Quels ont été les faits marquants de 2018 pour MBDA ?

Antoine Bouvier : Parmi les commandes nationales les plus importantes enregistrées en 2018, figurent le lancement par la Direction générale de l’armement du développement du missile air-air MICA de nouvelle génération (MICA NG), le renouvellement du soutien en service du missile Aster pour la France, l’Italie et le Royaume-Uni, et la modernisation et le soutien du missile de croisière Taurus en Espagne. Les principales commandes à l’export portent sur l’armement des avions de combat Eurofighter Typhoon et des hélicoptères NH90 commandés par le Qatar, mais aussi sur de nouvelles acquisitions des missiles Taurus, MMP et Mistral. Au plan des livraisons, MBDA a fourni des capacités opérationnelles majeures aux forces armées de ses pays nationaux, avec le déploiement opérationnel du MMP au sein de l’armée de Terre française, l’entrée en service du Sea Ceptor dans la Royal Navy, des avancées importantes sur le système Land Ceptor destiné à l’armée de Terre britannique, le premier tir d’essai du missile antinavire Marte ER en Italie et la mise en service des missiles Meteor, Storm Shadow et Brimstone sur Eurofighter. Enfin, au plan des grands programmes, le MMP a été choisi comme missile de référence pour le développement d’une capacité de Tir Au-delà de la Vue Directe (TAVD) sous autorité de conception européenne, avec la mise en commun d’une doctrine d’emploi et d’une formation pour les forces européennes, dans le nouveau cadre de la Coopération Structurée Permanente (CSP) de l’Union Européenne.
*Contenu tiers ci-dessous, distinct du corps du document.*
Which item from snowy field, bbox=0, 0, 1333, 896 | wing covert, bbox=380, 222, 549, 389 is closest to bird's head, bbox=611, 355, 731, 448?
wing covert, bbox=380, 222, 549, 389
Pourquoi avoir choisi d’investir en 2018 dans la société Dolphin ?

Antoine Bouvier : MBDA a racheté, avec la société Soitec, la PME grenobloise Dolphin Integration, spécialiste des circuits intégrés à basse consommation de type SoC (System on Chip), des composants électroniques très sensibles. Dolphin Integration était en redressement judiciaire et ne trouvait pas de partenaire pour aider à son sauvetage. MBDA a souhaité renforcer la souveraineté européenne au sein de sa chaîne d’approvisionnement en aidant à pérenniser ce fabricant.

Le programme franco-britannique de missile antinavires est-il toujours d’actualité ?
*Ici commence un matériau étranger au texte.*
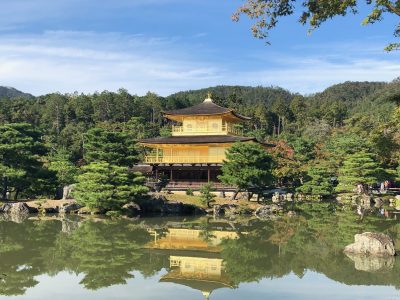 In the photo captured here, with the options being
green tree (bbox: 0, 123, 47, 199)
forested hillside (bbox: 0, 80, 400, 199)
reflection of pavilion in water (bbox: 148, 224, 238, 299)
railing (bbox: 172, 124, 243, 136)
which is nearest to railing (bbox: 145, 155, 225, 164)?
railing (bbox: 172, 124, 243, 136)

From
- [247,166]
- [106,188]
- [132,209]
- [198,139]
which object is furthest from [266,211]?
[106,188]

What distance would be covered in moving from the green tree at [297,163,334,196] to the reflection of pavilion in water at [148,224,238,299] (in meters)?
18.0

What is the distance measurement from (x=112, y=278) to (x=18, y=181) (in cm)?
1632

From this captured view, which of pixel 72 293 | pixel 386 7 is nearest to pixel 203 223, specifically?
pixel 72 293

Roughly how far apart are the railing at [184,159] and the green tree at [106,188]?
9049mm

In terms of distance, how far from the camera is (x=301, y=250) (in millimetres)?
14875

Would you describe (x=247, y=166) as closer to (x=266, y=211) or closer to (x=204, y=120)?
(x=266, y=211)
Antoine Bouvier : Non seulement il est toujours d’actualité, mais nous venons de franchir une étape très importante. Le programme FMAN/FMC (Futur Missile Antinavires / Futur missile de croisière) résulte de la relation de défense très étroite nouée entre la France et le Royaume-Uni au travers des traités, dits de Lancaster House, signés le 2 novembre 2010. Le programme FMAN/FMC est né de besoins convergents exprimés par la France et le Royaume-Uni pour disposer d’une capacité antinavire à longue portée pour un emploi en haute mer, d’une capacité de frappe des défenses aériennes les plus avancées et d’une capacité d’engagement des objectifs durcis dans la profondeur du dispositif adverse. Le FMAN/FMC vise à remplacer les missiles de croisière tirés d’avion SCALP/Storm Shadow en service en France et au Royaume-Uni, ainsi que les missiles antinavires Exocet en France et Harpoon au Royaume-Uni. Deux ans après le lancement de la phase de concept FMAN/FMC en 2017, MBDA se réjouit du succès de la revue principale d’architecture (« Key Review ») menée conjointement avec les agences d’armement française de la DGA et britannique du Defence Equipment & Support (DE&S). La conclusion de cette « Key Review » permet de sélectionner les concepts les plus prometteurs de missiles répondant aux besoins exprimés par les forces armées des deux pays. Des études plus poussées de ces concepts seront poursuivies en vue de faire émerger les solutions qui seront retenues au terme de la phase de concept en 2020, puis de lancer la phase de développement et de production vers 2024. Ce programme est vraiment au cœur de la coopération franco-britannique et se double d’un évènement très symbolique et positif : pour la 1ère fois sous la Vème République, la Chambre des Communes et l’Assemblée Nationale ont créé une Commission de la Défense mixte. Cette commission a conclu, dans son observation du programme FMAN/FMC, qu’il était structurant pour les deux pays sur les plans stratégique, militaire, économique, industriel, et qu’il était aussi un objectif de souveraineté partagé. Il y a donc une même volonté politique de coopération qui doit être pérennisée, ce qui est à souligner dans le contexte actuel.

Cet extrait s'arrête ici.